Everything about a miscarriage is painful. Cramps and contractions came in waves across my abdomen and back. I was dizzy and weak and so very tired. Mentally, I was in anguish and struggling to comprehend my new reality. Emotionally, I was devastated and exhausted from hours of sobbing over my child’s lost life. Then, there’s the guilt- guilt for absolutely losing it over a six week miscarriage, guilt for possibly not “losing it” enough, and eventually guilt for getting up and getting dressed again, smiling again, maybe even laughing again. There was so much guilt and grief and heartache. There were so many tears and so much sobbing. There were so many moments of wondering how much more my heart could take.
Six weeks may not seem like long. I only knew for three weeks before my baby was gone, but it was long enough. It was long enough for love at first positive sign, long enough to dream of the future, long enough to think of baby names and plan out a nursery, long enough to buy a big brother t-shirt, and long enough to love my baby wholeheartedly and be forever connected. It was long enough to be completely wrecked at the first sign of spotting and the sinking feeling in my gut that something wasn’t quite right.
It seems like a slap in the face when, on top of the emotional trauma of losing a child, you have to undergo the extremely painful physical process of a miscarriage, but somehow the pain often felt like a welcome distraction from the hurt inside. My eyes and my head ached from the restless nights and hours of crying. One week of miscarrying felt like a long time to drag out the inevitable. Then, there’s the pain after the fact-calling your doctor to cancel your next appointment, getting the big brother T-shirt in the mail, finally getting a negative test result, and recovering from your body’s exhaustion from the enormous task it just underwent.

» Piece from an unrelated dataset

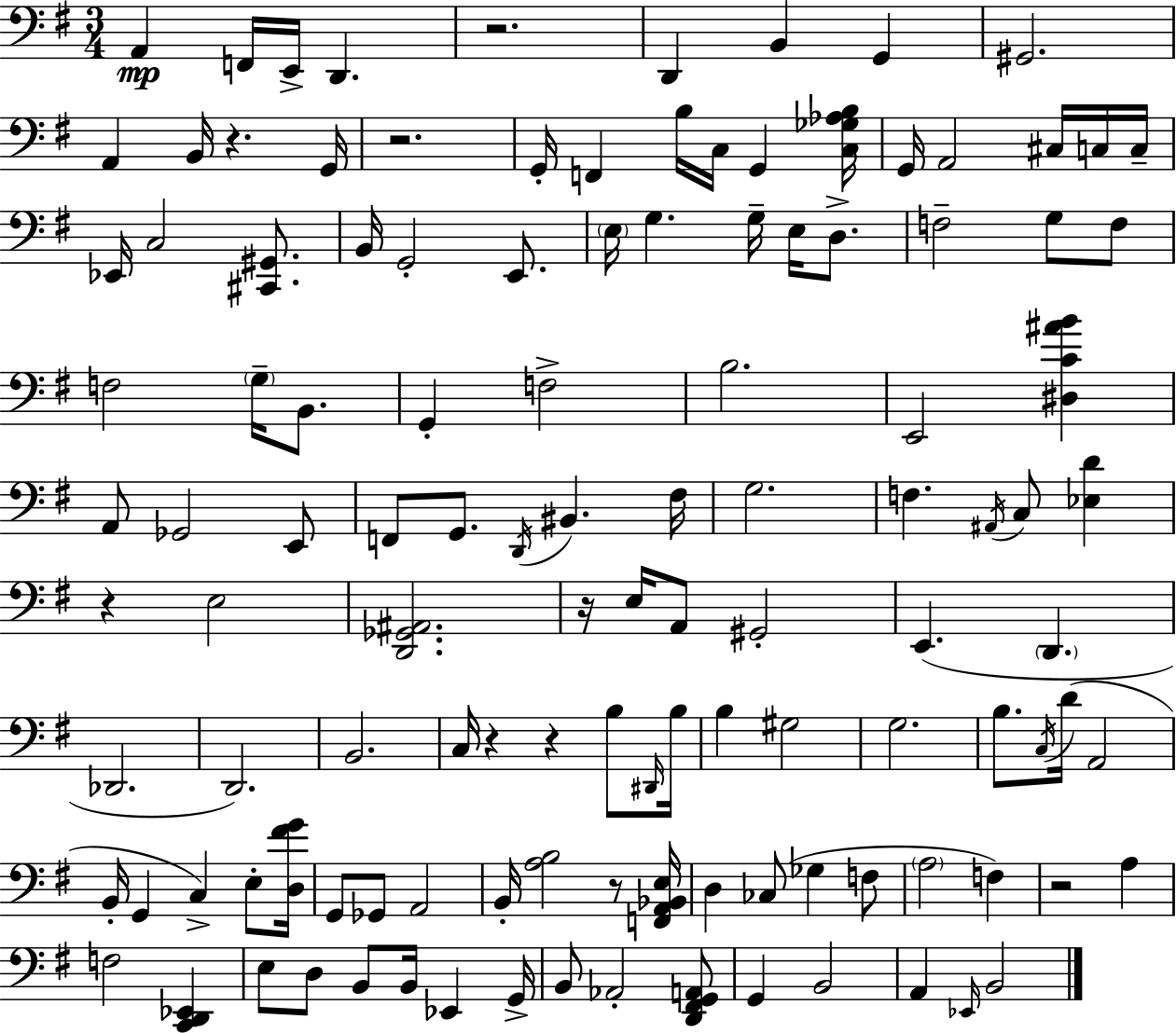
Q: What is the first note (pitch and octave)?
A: A2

Pardon my language, but miscarriage sucks. It sucks the life right out of you. It sucks the hope and joy from your heart, at least momentarily. Strangely, in spite of all of that, there were blessings even in this tragedy. A few days into my miscarriage, my sister’s childhood best friend offered to meet me on a Saturday morning to perform an ultrasound and confirm or deny whether I was miscarrying. She hasn’t seen my sister in twenty-five years, but she dropped everything to get me answers. I’m still in disbelief and am so grateful. There’s some peace in knowing the truth instead of having uncertainty hang over your head for days. Friends and family took care of me through calls, texts, cards, meals, and little surprises in the mail. Most importantly, by the grace of God, I didn’t experience anger. I wasn’t angry with God and still am not, and I completely attribute that to God’s grace. It is my biggest blessing from this experience. I have felt heartbroken, devastated, and destroyed emotionally, but never angry. I don’t understand why this happened, but I’ve come to terms with the fact that I don’t have to understand. I know, however, that even if I had felt angry that God would have walked me through that too. A couple of verses have brought me comfort during this time:
“Then Job arose and tore his robe and shaved his head and fell on the ground and worshiped. And he said, ‘Naked I came from my mother’s womb, and naked shall I return. The Lord gave, and the Lord has taken away; blessed be the name of the Lord.’ In all this Job did not sin or charge God with wrong.” Job 1:20-22 ESV
“‘All flesh is like grass and all its glory like the flower of grass. The grass withers, and the flower falls, but the word of the Lord remains forever.’ And this word is the good news that was preached to you.” 1 Peter 1:24-25 ESV
Despite its pain, this season has reminded me of God’s sovereignty and goodness. It’s reminded me that He is worthy of honor and glory and praise, despite my circumstances. His goodness doesn’t waver. He is the same yesterday, today, and forever, so I will praise Him and trust Him. I’m reminded that my hope is not in this life but in the Gospel of Jesus Christ and in an eternity in His presence. There may be loss and grieving in this life, but we can find joy and peace in the unmerited gift of salvation.
I’m now one in four, but I’m still a mama to two precious children. My son is still a big brother. I’m proud to be mama to two sweet babes, and I won’t shy away from that truth because it’s uncomfortable to talk about. In fact, I think it’s something that should be talked about more. I’ve found so much encouragement and healing in reading other godly women’s stories, and it’s my prayer that my story would encourage other hearts. I’m so thankful that God chose me to carry our sweet baby even if it was for such a short time, and I eagerly look forward to embracing my child in heaven.